═══ LISTED RECORDS ═══

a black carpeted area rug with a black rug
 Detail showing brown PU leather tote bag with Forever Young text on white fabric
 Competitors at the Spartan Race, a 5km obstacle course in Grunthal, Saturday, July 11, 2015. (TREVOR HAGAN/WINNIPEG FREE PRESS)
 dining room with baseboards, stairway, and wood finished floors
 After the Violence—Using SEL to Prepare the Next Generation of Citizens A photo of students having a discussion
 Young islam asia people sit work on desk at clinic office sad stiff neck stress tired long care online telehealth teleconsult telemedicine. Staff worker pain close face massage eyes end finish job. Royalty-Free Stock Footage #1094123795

═══

> [PROBLEM REQUIREMENTS]: Give the number of lines in the data that contain the string "Young", and nothing else.

> [ANSWER BELOW]: 2